The produced events are variants of the enum ClientEvent. The most important variant that you always need to handle is ClientEvent::ServerPubkey, which you will get when Makiko receives the server’s public key during key exchange. This always happens when the connection is initialized, but you may also get this event after the connection is established if the connection is “rekeyed” to derive fresh encryption secrets.

match event {
    // Handle the server public key
    makiko::ClientEvent::ServerPubkey(pubkey, accept) => {
        ... // Verify the server public key here
    },

    ... // Handle other events here
}

The ServerPubkey variant has two fields: the server Pubkey and an AcceptPubkey object that we will use to tell Makiko whether we accept or reject the key.
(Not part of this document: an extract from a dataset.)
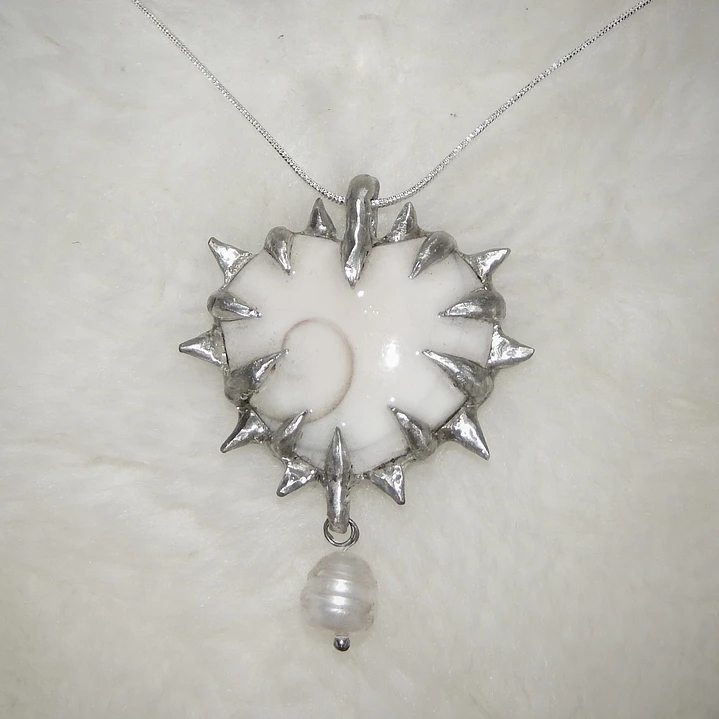 Collar concha corazón  2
To prevent man-in-the-middle attacks, it is very important to verify that this public key belongs to the server that we wanted to connect to. Unfortunately, SSH does not provide any mechanism to verify identity of the server (in contrast to TLS, which is used in HTTPS to secure the Web and which provides certificate-based public key infrastructure). This means that it is up to you whether to accept or reject the public key.

Later in the tutorial, we will learn how to implement a trust on first use (TOFU) scheme using the standard ~/.ssh/known_hosts file. But for now, we won’t do any verification and we will accept any key:

match event {
    // Handle the server public key: for now, we just accept all keys, but this makes
    // us susceptible to man-in-the-middle attacks!
    makiko::ClientEvent::ServerPubkey(pubkey, accept) => {
        println!("Server pubkey type {}, fingerprint {}", pubkey.type_str(), pubkey.fingerprint());
        accept.accept();
    },

    ...
}

If you don’t verify the server public key, it might be treated as a security vulnerability.

Other events

You can read the documentation if you want to learn about other client events, but we won’t need to handle them in this tutorial, so we can just ignore them:

match event {
    ...

    // All other events can be safely ignored
    _ => {},
}

You can find the full code for this tutorial in examples/tutorial_1.rs. If all works well, the program prints the fingerprint of the server public key and hangs. In the next chapter, we will continue by authenticating to the server using a password.